> **Problem description**
Write out exactly every line from the one containing "Astrid letto imbottito" through the final line of the material below, both included. Pictures are to be skipped.
[Information provided — start]
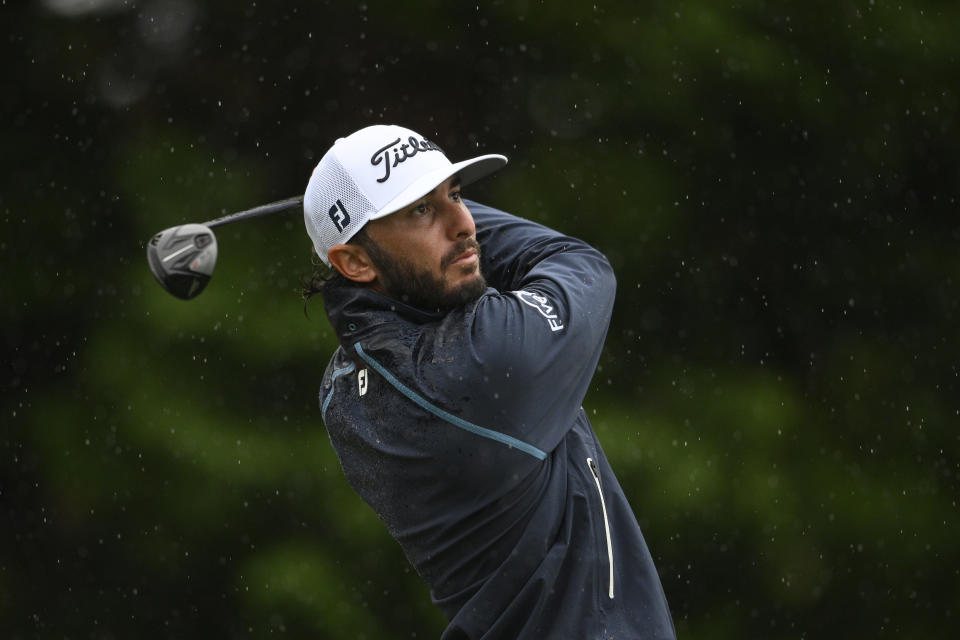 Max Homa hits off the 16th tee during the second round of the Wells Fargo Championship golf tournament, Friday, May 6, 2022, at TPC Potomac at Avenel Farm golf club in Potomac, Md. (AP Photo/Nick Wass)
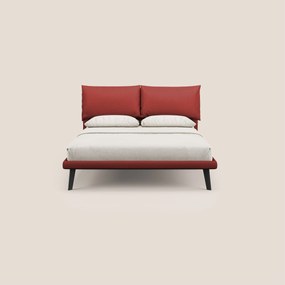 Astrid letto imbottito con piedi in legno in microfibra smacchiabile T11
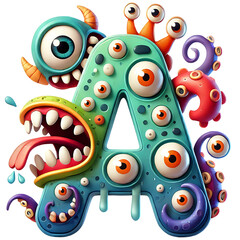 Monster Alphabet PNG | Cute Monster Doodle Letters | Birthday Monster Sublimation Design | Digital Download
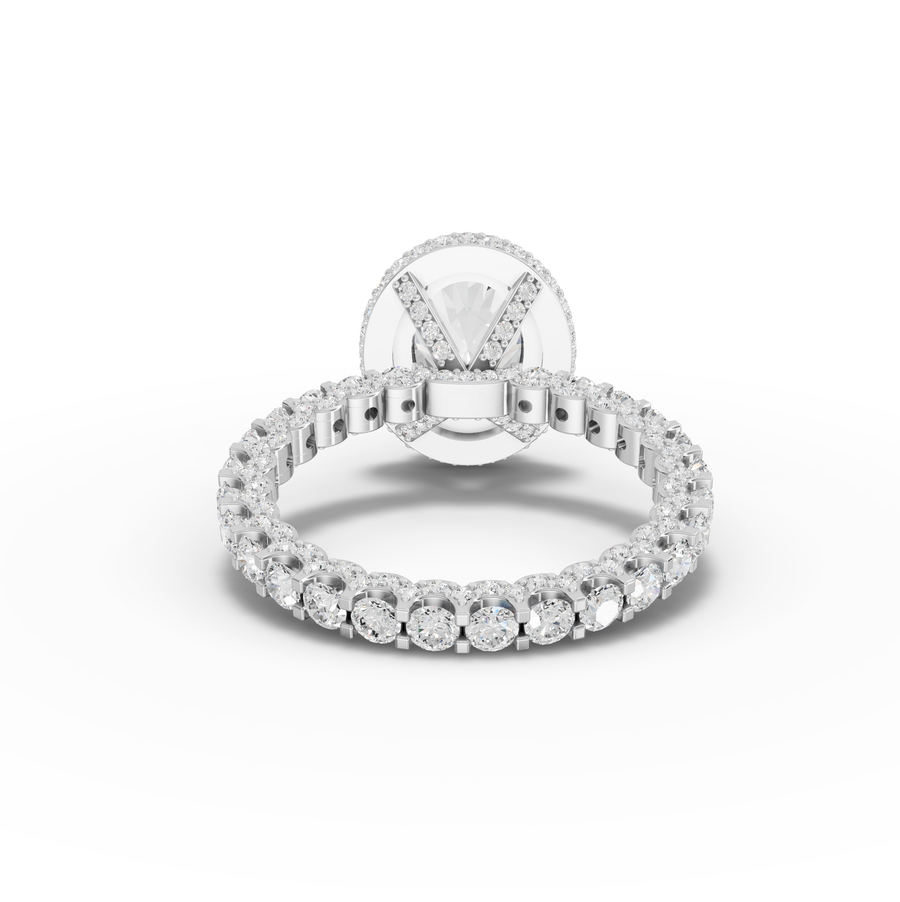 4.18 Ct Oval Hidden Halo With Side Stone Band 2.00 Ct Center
[Information provided — finish]
> **Solved problem**
 Astrid letto imbottito con piedi in legno in microfibra smacchiabile T11
 Monster Alphabet PNG | Cute Monster Doodle Letters | Birthday Monster Sublimation Design | Digital Download
 4.18 Ct Oval Hidden Halo With Side Stone Band 2.00 Ct Center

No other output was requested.